Le projet de Soultz a permis de démontrer qu'on pouvait produire de l'électricité à partir de la géothermie profonde même en dehors des zones volcaniques, d'améliorer les cycles thermodynamiques et d'expérimenter la stimulation. Les nouvelles cibles sont des sites moins profonds que Soultz.

Des perspectives sont ouvertes sur de nouveaux débouchés, tels que les procédés industriels ou les réseaux de chaleur à haute température, et la géothermie représente une filière industrielle stratégique de l'économie verte, reconnue par le ministère dans un rapport de 2010 consacré aux filières vertes.

D'après l'Agence internationale de l'énergie (AIE), la production d'électricité à partir de géothermie représente aujourd'hui une puissance installée de 11 gigawatts dans le monde. Les priorités sont aussi bien l'exploration des ressources et l'amélioration des techniques, que la mise à disposition des données auprès des acteurs économiques, la recherche de nouvelles techniques de forage ou l'efficacité énergétique des systèmes de cogénération. Il faut développer des démonstrateurs géothermiques de nouvelle génération, des technologies de stimulation, des outils de décision et de modélisation du réservoir, prévenir les impacts et les risques, démontrer la possibilité de production de long terme, exploiter des ressources alternatives telles que la valorisation de l'eau coproduite avec le pétrole et le gaz et les fluides supercritiques. Il est enfin nécessaire d'accroître le financement de la recherche et développement et la coopération internationale.

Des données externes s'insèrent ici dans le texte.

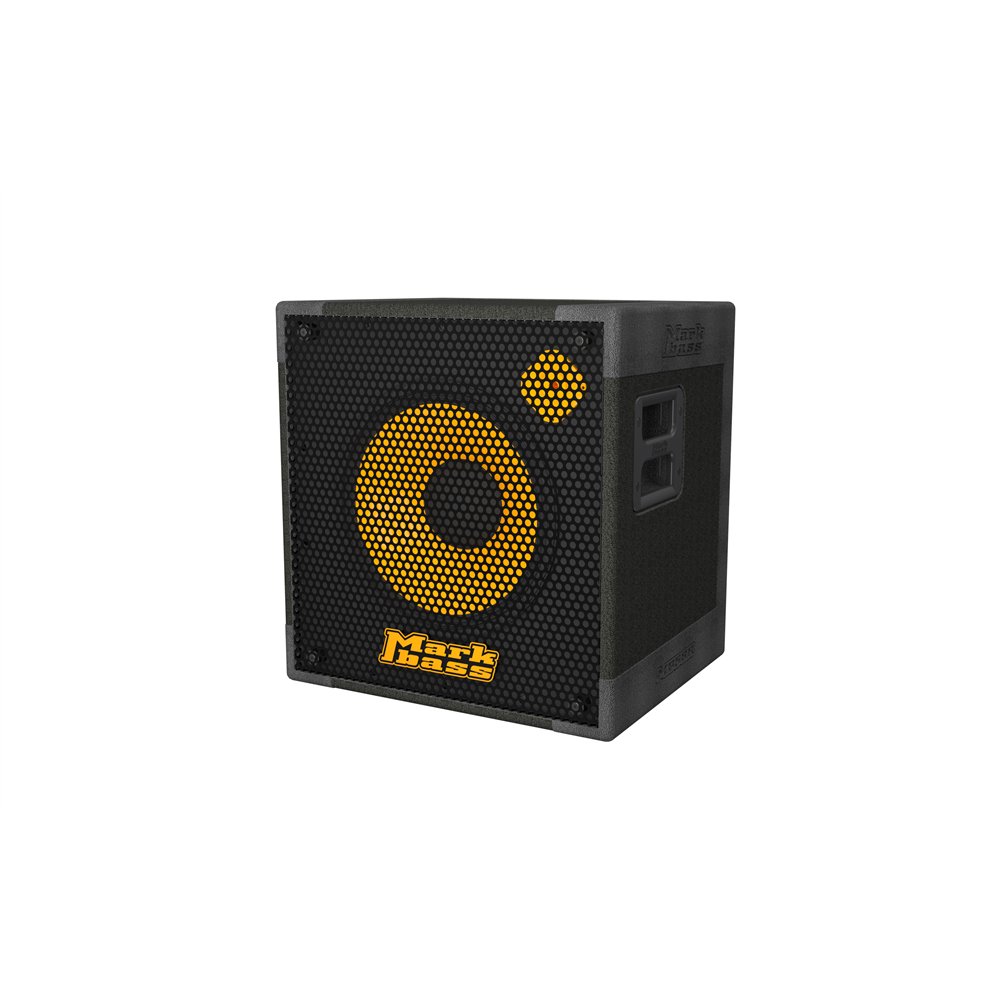 MB58R 151 PURE - 8 - Pantalla 400W RMS @ 8Ohms - 1x15’’ neodimio – tweeter HI-FI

Les évolutions technologiques et l'expérience de Soultz-sous-Forêts permettent d'envisager un développement significatif de cogénérations géothermiques dans des régions non volcaniques. Le développement de la filière passe par la réalisation de démonstrateurs, aujourd'hui non financés, dans des contextes géologiques variés. Un soutien à la recherche et développement, y compris en amont de ces démonstrateurs, est nécessaire pour développer de nouveaux concepts et alimenter les besoins technologiques. Enfin une couverture du risque géologique doit être mise en place pour permettre à des projets préindustriels et industriels d'émerger.

M. Daniel Raoul, président de la commission des affaires économiques. - On parle de production d'électricité par la géothermie depuis trente ans : pourquoi un tel retard ? Pourquoi n'utilise-t-on pas le fluide à moyenne température dans des cycles de Rankine ? Vous n'avez pas évoqué la production de froid : est-ce une application envisageable ?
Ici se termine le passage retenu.